Es war ja auch ein enormer Fortschritt, nachdem wir jahrelang so primitiv
gewohnt hatten. Allein das Bad und das gemütliche kleine, mit
Polstermöbeln ausgestattete Wohnzimmer waren für uns die tollste
Errungenschaft.
Es gab nur ein Schlafzimmer, und oben unter dem Dach hatte jede Familie
ein kleines Mansardenzimmer, das dann bald für meine ältere Schwester
frei wurde, als mein Bruder in die Ferne zog und zu einer neuen
Arbeitsstelle in Tauberbischofsheim ging. Er gründete später eine Familie
und ist bis heute dort geblieben.
Meine jüngere Schwester machte später auch einen Platz frei. Sie ging
ins Ursulinenkloster nach Dorsten, um dort eine Hauswirtschaftslehre zu
machen. Nur ab und zu kam sie am Wochenende, wenn sie frei hatte,
nach Hause.
Von dem Leben in so einer Wohnung und dem dazugehörigen Ort bleiben
ja auch viele Erinnerungen zurück. Immerhin waren es für mich acht
Jahre, die ich dort verbracht habe, meine Jungmädchenzeit.

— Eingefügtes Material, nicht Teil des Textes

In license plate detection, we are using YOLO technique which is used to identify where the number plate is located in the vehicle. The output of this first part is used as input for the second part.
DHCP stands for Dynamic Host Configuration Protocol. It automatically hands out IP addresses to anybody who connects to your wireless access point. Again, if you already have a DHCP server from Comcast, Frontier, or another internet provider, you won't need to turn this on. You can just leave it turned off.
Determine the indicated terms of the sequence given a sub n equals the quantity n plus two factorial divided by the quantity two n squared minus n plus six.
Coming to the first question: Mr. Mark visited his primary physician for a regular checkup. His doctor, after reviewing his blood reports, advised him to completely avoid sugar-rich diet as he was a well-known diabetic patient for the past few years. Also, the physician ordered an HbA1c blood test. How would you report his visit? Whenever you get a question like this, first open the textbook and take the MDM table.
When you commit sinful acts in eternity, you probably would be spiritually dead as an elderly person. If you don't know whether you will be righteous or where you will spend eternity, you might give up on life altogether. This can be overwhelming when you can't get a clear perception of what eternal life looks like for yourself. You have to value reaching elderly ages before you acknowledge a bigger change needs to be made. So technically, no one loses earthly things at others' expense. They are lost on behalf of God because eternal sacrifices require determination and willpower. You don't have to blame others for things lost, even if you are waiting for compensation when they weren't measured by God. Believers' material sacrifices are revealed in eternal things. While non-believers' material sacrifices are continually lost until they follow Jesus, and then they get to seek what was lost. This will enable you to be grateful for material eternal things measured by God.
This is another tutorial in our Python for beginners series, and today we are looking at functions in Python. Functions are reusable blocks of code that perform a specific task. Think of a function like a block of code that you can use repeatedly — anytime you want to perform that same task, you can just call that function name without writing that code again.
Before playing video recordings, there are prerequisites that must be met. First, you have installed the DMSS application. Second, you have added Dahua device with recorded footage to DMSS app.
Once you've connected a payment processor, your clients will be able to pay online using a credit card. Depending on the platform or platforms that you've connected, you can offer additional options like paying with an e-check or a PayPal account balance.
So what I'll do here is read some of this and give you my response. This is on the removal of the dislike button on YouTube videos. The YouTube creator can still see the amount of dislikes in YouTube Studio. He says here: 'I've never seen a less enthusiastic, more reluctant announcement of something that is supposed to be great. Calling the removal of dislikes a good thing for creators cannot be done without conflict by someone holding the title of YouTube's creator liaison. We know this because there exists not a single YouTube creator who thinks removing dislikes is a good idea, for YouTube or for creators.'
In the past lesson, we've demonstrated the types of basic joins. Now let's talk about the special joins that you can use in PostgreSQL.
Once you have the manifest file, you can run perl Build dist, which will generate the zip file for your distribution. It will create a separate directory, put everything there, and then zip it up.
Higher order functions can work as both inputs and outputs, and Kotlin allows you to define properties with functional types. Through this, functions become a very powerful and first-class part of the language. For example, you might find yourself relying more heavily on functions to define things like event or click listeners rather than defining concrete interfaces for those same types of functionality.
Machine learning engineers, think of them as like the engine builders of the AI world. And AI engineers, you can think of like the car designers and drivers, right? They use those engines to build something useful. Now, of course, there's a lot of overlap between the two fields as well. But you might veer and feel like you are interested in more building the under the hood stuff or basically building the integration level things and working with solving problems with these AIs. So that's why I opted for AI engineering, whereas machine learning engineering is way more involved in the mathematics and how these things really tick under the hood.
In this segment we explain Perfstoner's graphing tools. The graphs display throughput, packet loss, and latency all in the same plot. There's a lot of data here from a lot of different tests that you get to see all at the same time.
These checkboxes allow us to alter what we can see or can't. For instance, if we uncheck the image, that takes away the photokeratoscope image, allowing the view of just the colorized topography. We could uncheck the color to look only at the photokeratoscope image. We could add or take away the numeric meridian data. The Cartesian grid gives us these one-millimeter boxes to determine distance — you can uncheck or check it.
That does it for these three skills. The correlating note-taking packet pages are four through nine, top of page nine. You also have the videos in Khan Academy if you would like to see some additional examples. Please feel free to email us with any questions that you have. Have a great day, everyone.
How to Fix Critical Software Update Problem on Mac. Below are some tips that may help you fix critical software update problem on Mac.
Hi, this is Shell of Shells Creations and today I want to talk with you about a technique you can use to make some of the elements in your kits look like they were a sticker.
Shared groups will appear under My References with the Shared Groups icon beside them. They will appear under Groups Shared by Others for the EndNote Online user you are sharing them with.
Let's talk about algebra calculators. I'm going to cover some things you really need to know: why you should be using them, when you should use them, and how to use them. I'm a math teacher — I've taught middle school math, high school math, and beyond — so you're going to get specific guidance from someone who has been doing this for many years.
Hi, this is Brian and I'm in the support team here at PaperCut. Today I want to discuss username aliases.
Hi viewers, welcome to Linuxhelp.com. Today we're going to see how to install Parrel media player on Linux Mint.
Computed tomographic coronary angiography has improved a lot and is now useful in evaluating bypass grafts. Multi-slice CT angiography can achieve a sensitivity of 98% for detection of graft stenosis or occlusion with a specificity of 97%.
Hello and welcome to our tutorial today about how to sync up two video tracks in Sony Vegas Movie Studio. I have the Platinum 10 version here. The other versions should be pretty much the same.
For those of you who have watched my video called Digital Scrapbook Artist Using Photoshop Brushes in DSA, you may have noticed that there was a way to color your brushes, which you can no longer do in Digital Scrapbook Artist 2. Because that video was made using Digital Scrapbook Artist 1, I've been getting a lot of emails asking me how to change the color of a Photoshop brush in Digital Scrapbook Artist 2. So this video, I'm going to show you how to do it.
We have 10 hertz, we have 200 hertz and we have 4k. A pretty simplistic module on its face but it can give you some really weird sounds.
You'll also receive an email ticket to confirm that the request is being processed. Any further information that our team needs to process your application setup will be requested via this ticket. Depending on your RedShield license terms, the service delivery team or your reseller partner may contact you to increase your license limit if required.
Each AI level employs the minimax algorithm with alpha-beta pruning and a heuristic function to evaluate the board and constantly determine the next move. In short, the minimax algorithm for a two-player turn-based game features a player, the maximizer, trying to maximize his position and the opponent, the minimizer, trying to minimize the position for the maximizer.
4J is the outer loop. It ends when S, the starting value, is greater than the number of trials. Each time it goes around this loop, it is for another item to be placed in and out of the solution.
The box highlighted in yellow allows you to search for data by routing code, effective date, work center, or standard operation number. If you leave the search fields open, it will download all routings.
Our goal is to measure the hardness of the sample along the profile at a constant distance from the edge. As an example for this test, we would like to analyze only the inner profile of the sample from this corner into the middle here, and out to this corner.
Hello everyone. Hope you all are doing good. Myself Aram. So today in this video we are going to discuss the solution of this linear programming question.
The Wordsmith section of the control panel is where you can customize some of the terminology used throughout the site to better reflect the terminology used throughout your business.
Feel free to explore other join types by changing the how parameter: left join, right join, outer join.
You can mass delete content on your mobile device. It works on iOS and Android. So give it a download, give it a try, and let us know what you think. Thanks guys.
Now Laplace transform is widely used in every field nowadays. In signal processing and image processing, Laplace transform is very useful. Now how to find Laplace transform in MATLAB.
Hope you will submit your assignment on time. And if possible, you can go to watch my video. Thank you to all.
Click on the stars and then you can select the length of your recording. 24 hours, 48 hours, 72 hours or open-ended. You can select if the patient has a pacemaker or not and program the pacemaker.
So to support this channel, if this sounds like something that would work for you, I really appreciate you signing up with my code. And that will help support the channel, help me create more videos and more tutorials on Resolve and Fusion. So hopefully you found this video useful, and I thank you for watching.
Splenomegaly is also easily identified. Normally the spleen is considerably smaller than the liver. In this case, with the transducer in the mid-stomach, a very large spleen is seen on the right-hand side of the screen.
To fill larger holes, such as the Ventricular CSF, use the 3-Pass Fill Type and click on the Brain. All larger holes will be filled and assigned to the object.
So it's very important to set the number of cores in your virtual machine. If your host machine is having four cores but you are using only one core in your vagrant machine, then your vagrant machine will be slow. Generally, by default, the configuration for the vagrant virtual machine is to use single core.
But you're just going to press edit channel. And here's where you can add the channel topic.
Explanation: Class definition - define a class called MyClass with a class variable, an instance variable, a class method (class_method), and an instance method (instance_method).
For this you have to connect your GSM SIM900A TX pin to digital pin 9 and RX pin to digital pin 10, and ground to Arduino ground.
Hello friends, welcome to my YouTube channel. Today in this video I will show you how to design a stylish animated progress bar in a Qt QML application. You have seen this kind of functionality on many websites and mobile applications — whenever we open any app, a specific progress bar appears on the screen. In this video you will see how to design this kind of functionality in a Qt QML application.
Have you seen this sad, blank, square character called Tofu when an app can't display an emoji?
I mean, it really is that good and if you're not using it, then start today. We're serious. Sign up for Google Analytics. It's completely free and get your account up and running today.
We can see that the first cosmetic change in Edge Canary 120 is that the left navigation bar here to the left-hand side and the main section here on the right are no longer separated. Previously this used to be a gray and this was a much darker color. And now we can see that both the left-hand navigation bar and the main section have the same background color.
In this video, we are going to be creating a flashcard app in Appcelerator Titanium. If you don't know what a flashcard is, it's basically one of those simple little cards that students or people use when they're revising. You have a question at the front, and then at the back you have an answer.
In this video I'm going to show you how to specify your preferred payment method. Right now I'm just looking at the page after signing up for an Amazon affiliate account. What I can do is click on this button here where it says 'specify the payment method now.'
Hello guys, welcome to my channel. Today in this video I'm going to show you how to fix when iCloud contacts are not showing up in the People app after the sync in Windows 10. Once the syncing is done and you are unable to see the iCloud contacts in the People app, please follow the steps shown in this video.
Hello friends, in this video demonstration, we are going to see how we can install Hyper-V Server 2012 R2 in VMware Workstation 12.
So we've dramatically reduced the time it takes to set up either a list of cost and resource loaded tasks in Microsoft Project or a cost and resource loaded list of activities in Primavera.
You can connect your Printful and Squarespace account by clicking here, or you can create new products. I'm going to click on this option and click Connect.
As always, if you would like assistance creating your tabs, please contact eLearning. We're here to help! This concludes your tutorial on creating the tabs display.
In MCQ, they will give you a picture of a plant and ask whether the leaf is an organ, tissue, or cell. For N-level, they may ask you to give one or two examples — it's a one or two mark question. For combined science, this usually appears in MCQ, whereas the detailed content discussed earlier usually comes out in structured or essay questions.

Eine Freundin fand ich schnell dadurch, dass mich ein Mädel einlud, mit
ihr ins Kino zu gehen. Das Angebot nahm ich freudig an. Sie war ein
Einzelkind und lebte mit ihrer Mutter in einer kleinen DachgeschossWohnung. Ihr Vater war im Krieg vermisst. Rosi, sie hieß genau wie ich,
ging dann nach Dülmen und machte dort eine Friseurlehre. So sahen wir
uns nur am Wochenende. Später heiratete sie und wohnt bis heute in
Dülmen.
Ich lernte aber auch noch andere Mädchen kennen, durch die
Berufsschule und den Jungfrauenverein. Jedes Jahr im Sommer war
Jugendbekenntnissonntag. Dann gingen wir stolz mit unserer Fahne zum
großen Treffen aller jungen Vereine in die Sixtus-Kirche.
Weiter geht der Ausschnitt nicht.